Dann siehst Du die Regeln der Firewall, die in der Zwischenzeit Pakete gematcht haben.

----------

## schmidicom

 *alexander_ro wrote:*   

> ...
> 
> Nur wenn der Output von einem mit cron gestartetem "emerge --sync" gesendet wird sieht man zwar in den Logfiles das die versendet wurde aber sie kommt nicht an. Der Mailserver sagt "lost connection after DATA" siehe Logzeilen unten.

 

Wie genau sieht dieser cron-Befehl den aus?
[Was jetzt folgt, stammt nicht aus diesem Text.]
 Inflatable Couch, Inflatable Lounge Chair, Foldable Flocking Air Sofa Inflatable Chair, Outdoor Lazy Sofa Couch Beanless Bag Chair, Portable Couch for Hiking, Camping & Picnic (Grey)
Wird mit ssmtp gleich zu beginn eine Verbindung aufgebaut und erst nach der vollständigen Ausgabe von "emerge --sync" das E-Mail versendet oder kommt ssmtp erst zum Zug wenn "emerge --sync" bereits gelaufen ist? Bei ersterem könnte ich mir denken das es einfach zu lange dauert und die Verbindung deshalb abgebrochen wird, denn im Log sieht es ja so aus als wären schon einige Daten angekommen.

 *Quote:*   

> ...lost connection after DATA (54537 bytes)...

 

----------

## alexander_ro

Wann der cron die Verbindung zum Mailserver aufbaut weiß ich nicht. Es ist der vixie-cron.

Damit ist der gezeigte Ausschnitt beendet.